Tatsächlich stellt sich die Frage, wann Schluss sein soll, heute ganz anders. Ich wurde darauf gestoßen, weil sie sich mir zunächst für die super-langen Strecken stellte. Es war so, dass es mir zu früh, schon vor der Hälfte, einfach keinen Spaß mehr machte „irre weit“ zu laufen. Am deutlichsten merkte ich das 2023, als ich mich von meiner Lieblingsstrecke, dem Mauerweg, mit einer letzten Teilnahme verabschieden wollte. Schon nach einem Drittel war die Luft raus, der Spaß weg und nach der Hälfte war da nur noch Kampf, Schmerz, Qual. Trotzdem bin ich die vollen 160 km gelaufen, nichts gegangen. Und ich wusste die ganze Zeit: Das kann ich zwar noch, aber so will ich das ganz einfach nicht mehr. Etwas Ähnliches merke ich heute, wenn ich „nur“ Marathon laufe.
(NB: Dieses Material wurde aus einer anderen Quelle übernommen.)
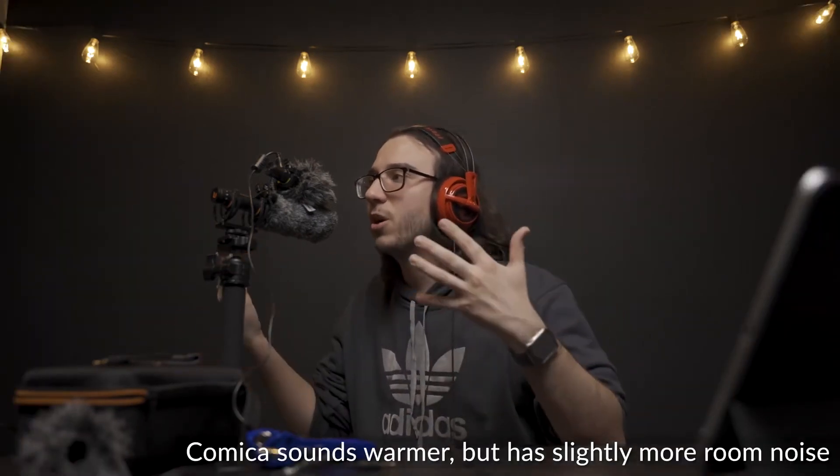For voiceovers or any kind of audio where you're close to the source – you can get even closer for more of an ASMR experience – I'm very impressed with both. Right now I'm noticing very little room noise, which is fantastic. The Comica is mounted up there and this is a super-cardioid, which means it's very singularly directioned to pick up sounds coming directly in front of it, eliminating sounds on its sides. This is great when you're trying to pick up a singular voice in a noisier situation.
Wobei ich hoffe derzeit in einer Übergangsphase zu sein. Durch die KnieOP war es mir lange Zeit unmöglich weit zu laufen. Ich verlor alle Robustheit und Ausdauer, die es braucht für so lange Strecken. Vor der Verletzung war es mir durch permanentes Wiederholen der Marathon-und-weiter-Leistungen in kurzem zeitlichem Abstand möglich die Substanz zu behalten. Dann war sie weg und ich habe sie bis heute nur zum viel kleineren Teil wiedergewinnen können. Ich hoffe nun nächstes Jahr - wenn der Winter vorbei ist, der mich zusätzlich bremst, weil kaltes Wetter schon immer mein Feind war - daran noch arbeiten zu können. So weit, dass es mir wenigstens bis hinter Km 30 Spaß macht zu laufen. Wenn mir das nicht gelingt, wird sich die Frage „Aufhören mit Marathon?“ schon viel früher stellen. Ich werde es zwar noch können, aber das Opfer, das zu frühe Spaßende, werde ich wohl nicht akzeptieren. Dann wird es wie beim Mauerweglauf sein: Ich kann das zwar noch, aber so will ich das nicht mehr.
Ich fand meine Schwierigkeiten, Befindlichkeiten, Überlegungen in deinen Sätzen wieder. Teils Klartext, teils aus dem Zusammenhang genommen. Du weißt also genau, wovon ich rede. Ich wünsche dir, dass du zurückfindest in eine Form, die dir noch lange deine geliebten Strecken ermöglicht.
Alles Gute Klaus und wir sehen uns sicher bald mal wieder auf einer Strecke. Ich muss mich nur trauen eine der profilierten Strecken in deiner Region wieder in Angriff zu nehmen. Bisher suche ich mir möglichst flache Sachen aus.